Reflecting on newsletters and diaries of the women of the north, including The Derry Women's Newsletter
The loss of the British Library’s Spare Rib collection due to Brexit-related copyright issues (orphan materials protected by EU directives are no longer a legal exception in the UK) and the 2023 hacking of the library, shows how materials archived online can be fragile and at-risk - even with the very best technical infrastructure.1
The loss of any materials from digital or physical archives is truly awful. But, I would posit that the loss of materials related to Spare Rib is more devastating than, say, the online disappearance of British men’s writing, parliamentary histories, and religious texts that are also housed in the British Library - and are doubtlessly backed up and documented by scholars.
It’s much more likely that World War Two related materials or Christian texts have already been well documented, have been preserved digitally and will be seen again; than time, funding and supports being available to once again preserve materials like second-wave feminist classifieds from a niche magazine.

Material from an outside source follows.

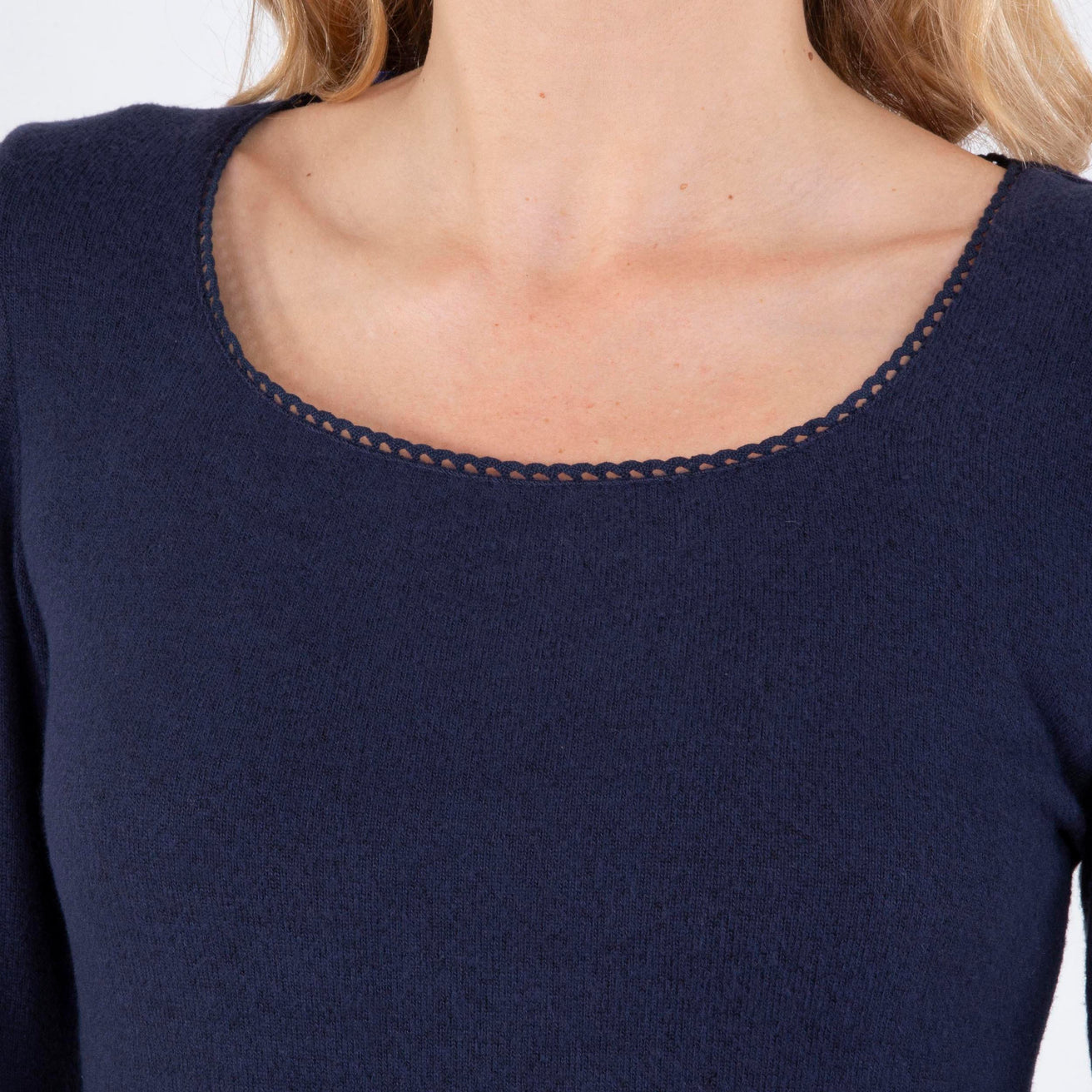 T-shirt col carré Femme Marine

Why? White cis-het Christian men’s histories, art, expressions, diaries, etc essentially make up all of the collections in major physical and digital archives and museums. The histories and activisms (particularly activisms that involve civil disobedience or counter-cultural activities) of marginalised groups and the global majority are either still waiting for the invitation from curators into institutional repositories, or are starting their own.
I recently attended an online talk by exhibit designer Margaret Middleton who explores ideas of queer possibility2 in the museum. Middleton writes beautifully of how we can exhume or see anew queer lives and experiences using a praxis of possibility and imagination in our critical gaze. Take for example, what Middleton terms, the “super gay” attributes of Bazille’s Summer Scene (Bathers).
Even within a museum sector so deluged with patriarchal, white-supremacist and Eurocentric attitudes, images, words and beliefs; if we feel the ~vibes~ of this Bazille painting, we may sense the presence of marginalised communities even in work that on the surface seems to tick all the hegemonic boxes :)
Women’s activisms and lives
We’ve seen recent exhibitions in the north of Ireland attempting to shed light on the lived experiences of (white) women - with the extraORDINARYwomen digital resource profiling in particular women’s political lives; and Queen’s University Belfast / Ulster University’s Bad Bridget highlighting the lives of sexually deviant Irish women between 1838-1918. The Tower Museum’s Peace Heroines physical exhibition offered an important platforming of the lives of many women working in electoral politics in the north, as well as some involved in NGO work, with a few grassroots organisers also recognised for their contributions.
Catherine Bishop put it well when she said, “history is less about what happened than about the questions we ask”.3 For my own part, my archival interests lie in recognising and preserving the activisms and the lives of people - from the north of Ireland in particular - who weren’t involved in electoral politics, who weren’t given the title of “heroine”. I’m interested in women who through their work in the background and in the grassroots, changed our communities and the region for the better. But I’m also interested in those women who just lived. Those whose day-in, day-out lives were in my view the ultimate f- you to the conflict in Northern Ireland. Those women who had the audacity to be good to their neighbours, to endure, to have interests and experience joy in their lives - despite the fear and silence of those extremely dark and violent times.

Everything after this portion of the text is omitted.